President Trump signed a separate executive order on Tuesday that targets climate laws at the state level and seeks to remove threats to U.S. “energy dominance,” including “illegitimate impediments to the identification, development, siting, production, investment in, or use of domestic energy resources — particularly oil, natural gas, coal, hydropower, geothermal, biofuel, critical mineral, and nuclear energy resources.” The order references “state overreach” and suggests that some state and local governments are overstepping their constitutional authority in regulating energy through interstate trade barriers or fines on energy producers. It calls out New York and Vermont for their climate change superfund laws that require fossil fuel companies to pay for their planet-warming greenhouse gas emissions. And it mentions California’s carbon cap-and-trade system.

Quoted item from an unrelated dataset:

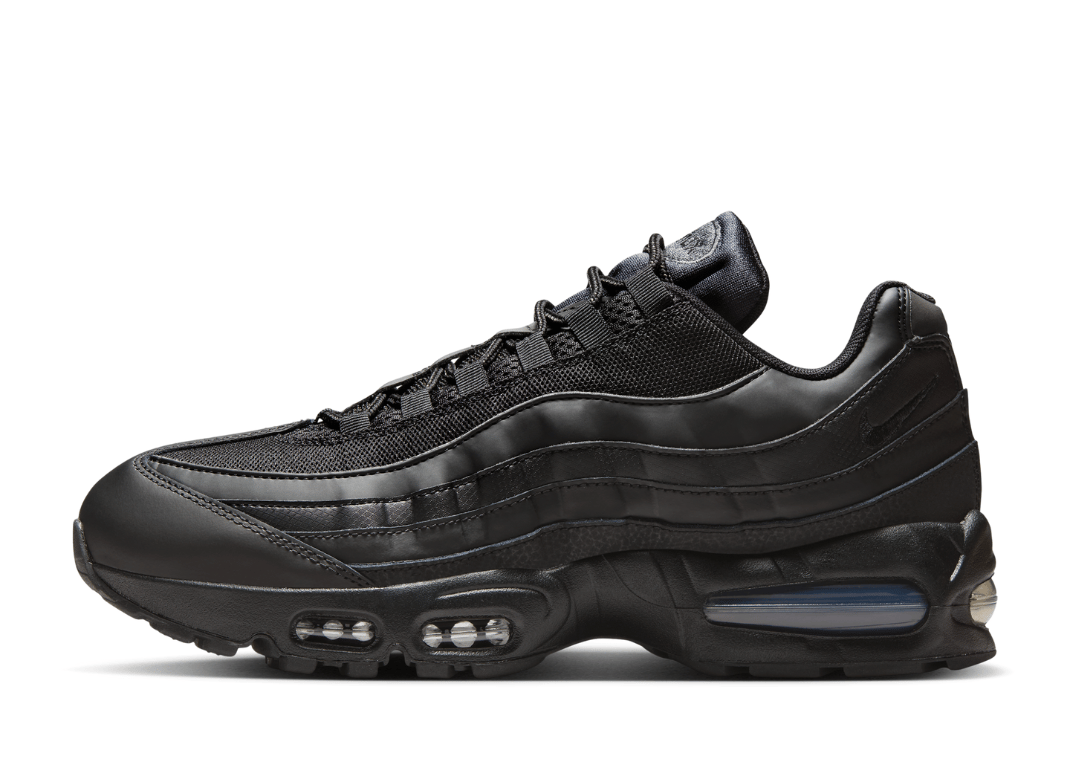 Nike Air Max 95 OG Big Bubble Triple Black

The executive order directs the U.S. attorney general to compile a list of all state and local laws “purporting to address ‘climate change,’” along with ESG, environmental justice, carbon taxes, and anything involving “carbon or ‘greenhouse gas’ emissions,” and put a stop to their enforcement. “The federal government cannot unilaterally strip states’ independent constitutional authority,” New York Governor Kathy Hochul and New Mexico Governor Michelle Lujan Grisham said in a statement. “We are a nation of states — and laws — and we will not be deterred. We will keep advancing solutions to the climate crisis that safeguard Americans’ fundamental right to clean air and water, create good-paying jobs, grow the clean energy economy, and make our future healthier and safer.”

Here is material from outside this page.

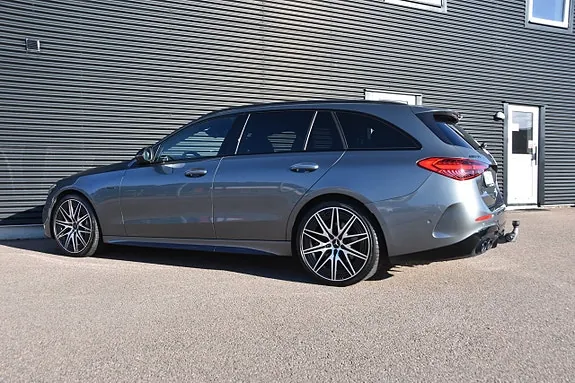 Mercedes-Benz C43 2023 photo 5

Wood Mackenzie issued its annual U.S. wind energy report this week. It finds that 2024 marked the worst year for new onshore wind capacity in the past decade, with just 3.9 gigawatts installed. Through 2029, the firm expects developers to install another 33 gigawatts of onshore capacity, 6.6 gigawatts of offshore capacity, and carry out 5.5 gigawatts of upgrades and refurbishings. The five-year outlook marks “a 40% decrease quarter-on-quarter from a previous total of 75.8 gigawatts.” The report warns of enduring “uncertainty” thanks to the Trump administration’s attacks on the wind industry. “Growth will happen, but it’s going to be slower,” wrote Michelle Lewis at Electrek. “[Trump] has managed to get some projects canceled, and he’ll make things more of a slog over the next few years.”
President Trump has pulled the U.S. out of international talks to decarbonize the shipping industry and vowed to reciprocate against any fees on U.S. ships, Politicoreported. The International Maritime Organization's Maritime Environmental Protection Conference is unfolding this week in London, where negotiators are trying to agree on a policy to curb shipping pollution through carbon taxation. Shipping accounts for about 3% of global greenhouse gas emissions. Trump reportedly sent a letter to the conference saying “the U.S. rejects any and all efforts to impose economic measures against its ships based on GHG emissions or fuel choice. Should such a blatantly unfair measure go forward, our government will consider reciprocal measures so as to offset any fees charged to U.S. ships and compensate the American people for any other economic harm from any adopted GHG emissions measures.”
“What’s next, a mandate that Americans must commute by horse and buggy?”
–Kit Kennedy, a managing director at the Natural Resources Defense Council, in response to Trump’s executive orders aimed at revitalizing the U.S. coal industry.